People will be automatically enrolled in this rebate program.
This energy rebate program will ensure that the lowest-earning 60% of New Yorkers will come out the same or ahead.
Gas prices are creeping up already as we start to move around more.
That’s simple economics: Demand increases cost.
It’s unrealistic to expect pandemic gas prices to flatline as we get back to normal as the fossil fuel industry is in it for profit.
However, our new post-pandemic normal includes the demand for greener cars and clean heating as we phase out the greenhouse gas-emitting sector.
If lawmakers do not act now and pass the CCIA, they will only be pushing the cost element of climate solutions down the road to future generations.
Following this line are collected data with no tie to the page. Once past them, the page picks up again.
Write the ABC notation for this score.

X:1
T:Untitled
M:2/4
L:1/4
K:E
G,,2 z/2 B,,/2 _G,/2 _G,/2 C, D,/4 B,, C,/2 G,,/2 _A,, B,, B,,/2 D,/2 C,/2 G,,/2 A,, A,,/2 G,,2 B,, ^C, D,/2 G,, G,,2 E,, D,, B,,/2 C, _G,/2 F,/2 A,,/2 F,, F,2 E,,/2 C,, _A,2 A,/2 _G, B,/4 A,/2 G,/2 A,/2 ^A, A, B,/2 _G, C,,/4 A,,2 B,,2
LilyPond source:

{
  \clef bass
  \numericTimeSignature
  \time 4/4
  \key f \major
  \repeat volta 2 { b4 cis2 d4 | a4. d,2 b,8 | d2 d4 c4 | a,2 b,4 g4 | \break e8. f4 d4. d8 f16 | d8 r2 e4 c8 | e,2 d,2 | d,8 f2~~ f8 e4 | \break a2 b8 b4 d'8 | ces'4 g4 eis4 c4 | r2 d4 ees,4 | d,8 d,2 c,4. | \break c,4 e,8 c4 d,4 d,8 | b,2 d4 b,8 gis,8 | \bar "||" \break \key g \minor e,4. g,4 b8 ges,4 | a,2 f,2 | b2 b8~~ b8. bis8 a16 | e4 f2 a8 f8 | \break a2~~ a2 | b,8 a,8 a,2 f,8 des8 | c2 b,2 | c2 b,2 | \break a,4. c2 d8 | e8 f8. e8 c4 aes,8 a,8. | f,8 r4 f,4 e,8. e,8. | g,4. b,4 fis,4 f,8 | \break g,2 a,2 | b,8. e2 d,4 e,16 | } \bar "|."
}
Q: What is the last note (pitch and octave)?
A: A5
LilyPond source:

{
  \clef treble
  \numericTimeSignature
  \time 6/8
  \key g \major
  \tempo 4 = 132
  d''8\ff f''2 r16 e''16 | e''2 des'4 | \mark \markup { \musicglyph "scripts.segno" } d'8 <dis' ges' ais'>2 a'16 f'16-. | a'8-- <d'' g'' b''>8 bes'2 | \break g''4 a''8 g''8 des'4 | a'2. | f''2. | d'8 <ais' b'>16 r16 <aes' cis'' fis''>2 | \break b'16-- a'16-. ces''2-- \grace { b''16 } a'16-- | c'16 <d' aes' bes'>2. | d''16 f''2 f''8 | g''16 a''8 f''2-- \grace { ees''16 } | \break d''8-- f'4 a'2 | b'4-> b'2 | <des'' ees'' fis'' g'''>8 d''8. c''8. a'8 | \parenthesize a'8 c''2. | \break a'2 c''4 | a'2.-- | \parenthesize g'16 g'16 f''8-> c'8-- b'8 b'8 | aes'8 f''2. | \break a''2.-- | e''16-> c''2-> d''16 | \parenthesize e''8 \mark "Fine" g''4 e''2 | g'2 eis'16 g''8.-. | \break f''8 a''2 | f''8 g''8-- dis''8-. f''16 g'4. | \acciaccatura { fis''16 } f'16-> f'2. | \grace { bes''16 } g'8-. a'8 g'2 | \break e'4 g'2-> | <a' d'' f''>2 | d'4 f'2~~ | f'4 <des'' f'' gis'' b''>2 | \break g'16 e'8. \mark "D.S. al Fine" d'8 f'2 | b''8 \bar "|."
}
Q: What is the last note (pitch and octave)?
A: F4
While the editorial states that electric vehicles currently cost more than gas burning car, it ignores the fact that full electric and plug in hybrids are eligible for up to $7,500 in federal rebates.
Studies have shown that the initial cost of these vehicles is paid for in fuel cost savings over the life of the vehicle.
The editorial also does not point out to the reader that the cost of electric and hybrids have been decreasing due to consumer demand.
This will continue as car manufacturers expand their production from luxury level cars to cars that the average Upstate New York consumer drives.
This is a trend in automobile manufacturing as we are even seeing time frames being established for entire fleets, including trucks and SUV’s, from the major auto makers.
Bottom line: Change is scary.
But what’s even scarier is climate change as it spells the end of our planet.
The fossil fuel industry IS on its way out, a fact underlined by New York state divesting its $225 billion common pension fund from its carbon-wielding grasp.
As the green sector phases in, making the industry that caused this dire situation pay for its actions will benefit all.
The Climate and Community Investment Act is how it will happen while protecting those most vulnerable, the middle- and lower-class New Yorkers.
Caroline Brooks is chairperson of Creation Care Committee and deacon of the First Reformed Church of Schenectady.